What Conservatives Think #020604: Social Security: Is New York Times Right to Call the President’s Plan “Terrifying”

The Left Says:

“[President Bush’s] decision [in his State of the union address] to re-endorse the Social Security overhaul plan from his last campaign was terrifying.

Mr. Bush has long advocated that younger workers be allowed to set aside part of their Social Security tax payments for private investments in stocks or bonds. He has never explained how he would pay for such a plan. The Social Security taxes that come in are used to pay for the benefits of those already retired. If part of the current workers’ money is redirected without corresponding tax increases, the difference would have to be made up through budget cuts or – far more likely – a disastrous addition to the amount of debt the government continues to roll up every day.”

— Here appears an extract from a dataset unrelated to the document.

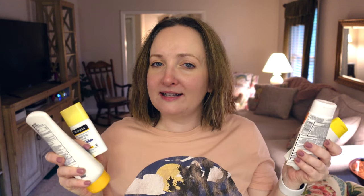I have four body sunscreens that I've been testing out for you for about a month now, and I thought I would let you know what I think of them.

Source: New York Times Editorial, January 21, 2004

What Conservatives Think:

Social Security pays benefits from incoming Social Security payroll tax revenues. At present, more taxes are paid than are spent. By 2017 or thereabouts, fewer taxes will be paid than will be needed to pay benefits. At that time, benefits will need to be cut, taxes will need to be raised, or Social Security will need to be subsidized by general tax revenues unless changes are made to the structure of the Social Security system.

Conservatives, including President Bush, are intrigued by the last option.

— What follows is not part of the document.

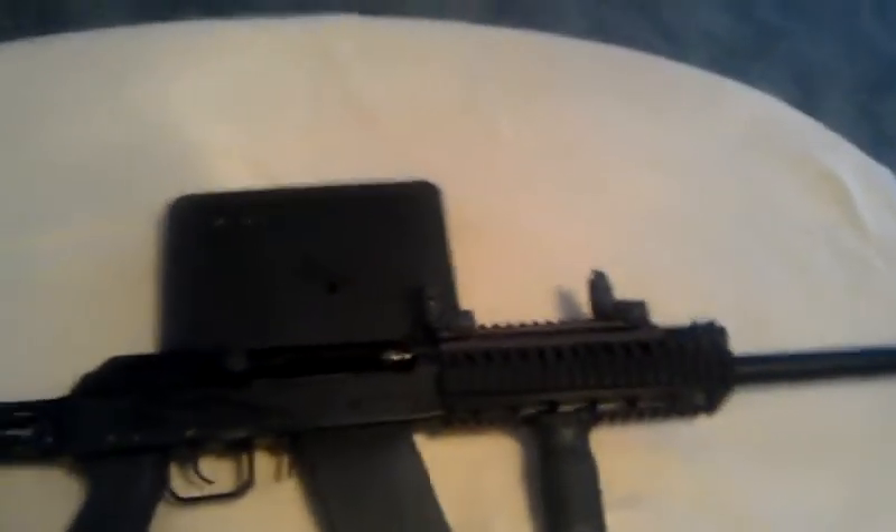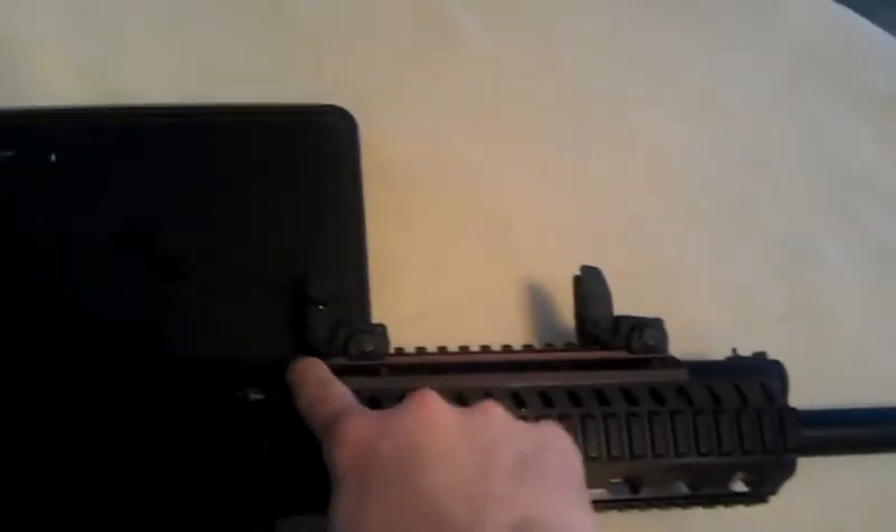I know you people are probably saying the sights are very close together. But the stock rear sight is actually right here and the stock front sight is actually right here. So I shortened it by about an inch.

In coming years, the number of retirees dependent upon Social Security will increase relative to the number of persons paying Social Security taxes. By the 2040s, less than two workers will be paying each retiree’s Social Security benefits. (Today the ratio is 3.3-1. 1)

A less than 2-1 ratio is considered unsustainable, especially as workers also will be expected to pay for retirees’ Medicare benefits while still meeting all their other federal, state and local tax obligations.

Alternatives include one or more of the following, all but the last of which is either unpopular or difficult for the government to impose:

Dramatically cutting monthly benefits;

Increasing the retirement age by a substantial number of years;

Means testing so middle class and wealthy seniors don’t qualify for Social Security;

Increasing immigration of young workers to increase payroll tax receipts;

Increasing the birthrate significantly and permanently to increase future payroll tax receipts;

Changing the system so some of workers’ tax contributions are not immediately spent, but instead are invested, so they can grow before they are needed.

The last option is referred to as partial privatization.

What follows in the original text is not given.